La tour du clocher se dresse sur 18 mètres pour signaler la présence de la cathédrale.
Il a fallu attendre plusieurs années pour recueillir des fonds et lancer les travaux de réfection. Celle-ci a débuté en 2003, avec la consolidation de la structure, les travaux d'étanchéité et la restauration des pierres endommagées aussi bien à l'extérieur qu'à l'intérieur. Dans le passé, l'édifice était revêtu d'un enduit de couleur et l'architecte-restaurateur des lieux, Élie-Pierre Sabbag, aurait voulu lui restituer ce revêtement à l'ancienne. Mais le comité - présidé par Mgr Youssef Kallas et formé de Raymond Audi, Michel Pharaon, Maurice Sehnaoui, Nehmé Tohmé, Hani Mecataff, Pierre Neema et Georges Nour - a refusé de suivre son idée. La pierre s'affiche désormais dans toute sa nudité. Exception faite de la façade extérieure de la nef, qui arbore une couleur Sienne.
Pour remplacer l'iconostase disparue, l'architecte a réinterprété un modèle du XIIe siècle, en dressant quatre stèles en marbre qui porteront les icônes de la Vierge Marie, de Jésus-Christ, de saint Jean-Baptiste et de saint Élie.

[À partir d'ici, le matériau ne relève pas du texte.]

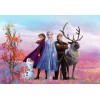 Komar Disney Edition 4 8-4103 "Frozen Iconic" 
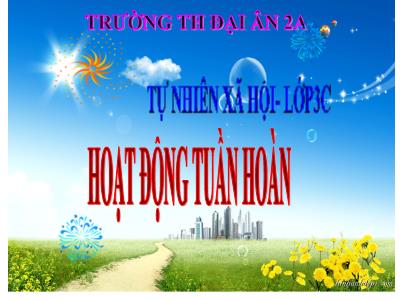 Bài giảng Tự nhiên & xã hội 3 - Tiết 7: Hoạt động tuần hoàn - Trường TH Đại Ân 2A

Dans ce vaste ensemble de 600 m2 orné d'un pavement de marbre, une originalité apparaît : les fenêtres supérieures, qui reproduisent la forme d'arcades en berceau, ne sont pas garnies de vitraux, mais «de marbre du Portugal, extrêmement fin, qui, collé à une vitre, donne l'aspect d'un verre translucide et permet à la lumière naturelle de passer. C'est une technique que j'ai utilisée sur d'autres projets», explique M. Sabbag, ajoutant que la tour du clocher, plantée sur le parvis de la cathédrale et fendue d'une croix, a été recouverte du même marbre. Cette tour de 22 mètres de haut, qui «répond à toutes les verticales de la ville», sera illuminée la nuit, pour signaler (à bonne distance) la présence de l'église.
Construites côte à côte, la cathédrale Saint-Élie des grecs-catholiques et la cathédrale Saint-Georges des grecs-orthodoxes partageaient, avant 1975, le même parvis. Mais au cours de la restauration de la cathédrale Saint-Georges, l'architecte Nabil Azar a voulu marquer la différence entre les deux communautés, en dressant une frontière! Dès lors, l'architecte Élie-Pierre Sabbag a aménagé un nouvel espace situé du côté latéral de la cathédrale Saint-Élie. De là, on surplombera des ruines romaines, plus précisément les vestiges d'un péristyle mis au jour par la Direction générale des antiquités (DGA) lors des fouilles menées dans le cadre des travaux de la cathédrale.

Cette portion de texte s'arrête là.